◆ About this task
Word-for-word transcription: reproduce all of the data, but not the pictures.

(Dataset items)
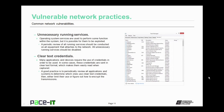Unnecessary running services are another vulnerable network practice. Operating system services are used to perform functions within the system, but it is possible for them to be exploited. A periodic review of all running services should be conducted on all equipment attached to the network, and all unnecessary running services should be disabled to harden your network.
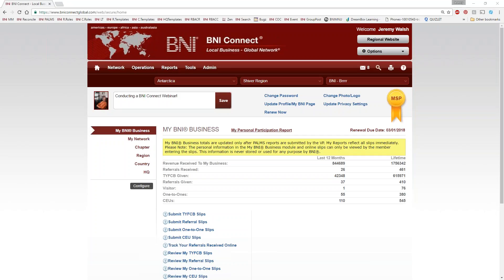Good morning, afternoon, or evening, everyone. My name is Jeremy Walsh, and I'm the Director of Support, Training, and Documentation for BNI Connect. I'd like to welcome everybody to the webinar today. Today's webinar is Part 4 in a five-part series of webinars designed for brand-new members or people logging into BNI Connect for the first time. We step through the system in a series of 30-minute sessions to give you bite-sized pieces of different areas of BNI Connect.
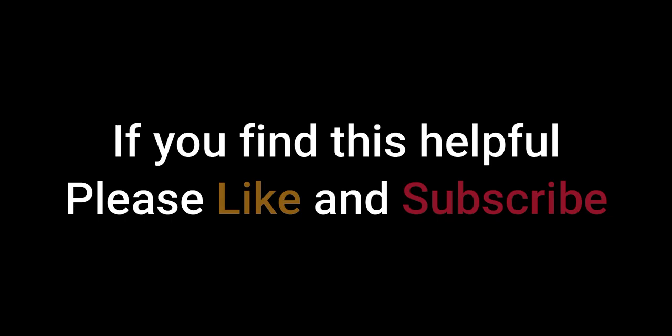If you find this helpful, please like and subscribe. Thank you.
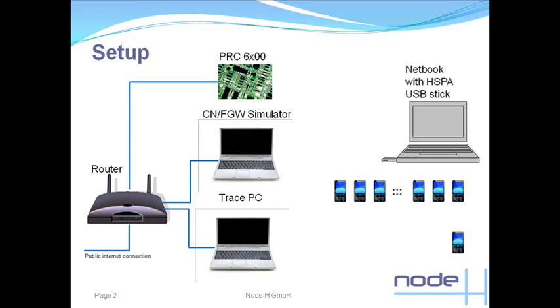The setup shows the PRC6000, the Core Network FemtoCell Gateway Simulator, connected via a router. The netbook with the HSPA USB stick will talk to these over the antenna of the PRC6000. A trace PC in parallel is used for debug purposes.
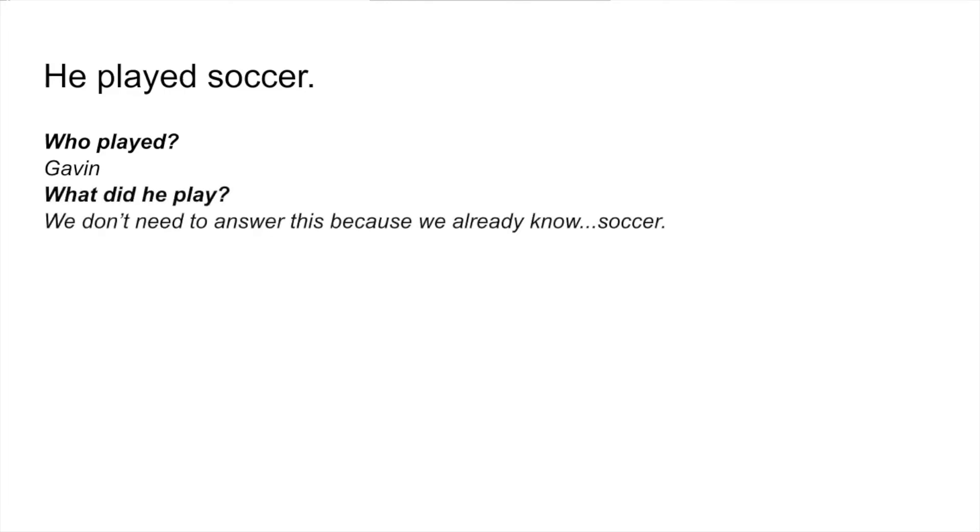Let's look at the next example: "He played soccer." This time we're going to challenge ourselves and use all of the questions. Who played? Gavin — I just picked a name and said it's Gavin who played soccer. Maybe it would be Michelle or John or Jessica or Megan; I chose Gavin. What did they play? We don't actually need to answer this because we already know it's soccer from the original kernel sentence, so that one is already answered for us.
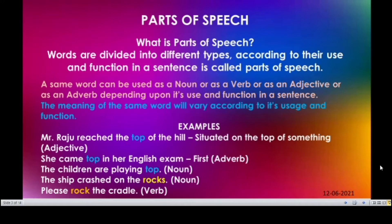The children are playing top. Here top is used as a noun. Like that, the ship crashed on the rocks — here rocks means the noun. Please rock the cradle. In this sentence, the same word rock has a different function. Rock is used as a verb here. So the same word can be used as any part of speech depending upon its usage and function in the sentence.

◆ Result of the task
Unnecessary running services are another vulnerable network practice. Operating system services are used to perform functions within the system, but it is possible for them to be exploited. A periodic review of all running services should be conducted on all equipment attached to the network, and all unnecessary running services should be disabled to harden your network.
Good morning, afternoon, or evening, everyone. My name is Jeremy Walsh, and I'm the Director of Support, Training, and Documentation for BNI Connect. I'd like to welcome everybody to the webinar today. Today's webinar is Part 4 in a five-part series of webinars designed for brand-new members or people logging into BNI Connect for the first time. We step through the system in a series of 30-minute sessions to give you bite-sized pieces of different areas of BNI Connect.
If you find this helpful, please like and subscribe. Thank you.
The setup shows the PRC6000, the Core Network FemtoCell Gateway Simulator, connected via a router. The netbook with the HSPA USB stick will talk to these over the antenna of the PRC6000. A trace PC in parallel is used for debug purposes.
Let's look at the next example: "He played soccer." This time we're going to challenge ourselves and use all of the questions. Who played? Gavin — I just picked a name and said it's Gavin who played soccer. Maybe it would be Michelle or John or Jessica or Megan; I chose Gavin. What did they play? We don't actually need to answer this because we already know it's soccer from the original kernel sentence, so that one is already answered for us.
The children are playing top. Here top is used as a noun. Like that, the ship crashed on the rocks — here rocks means the noun. Please rock the cradle. In this sentence, the same word rock has a different function. Rock is used as a verb here. So the same word can be used as any part of speech depending upon its usage and function in the sentence.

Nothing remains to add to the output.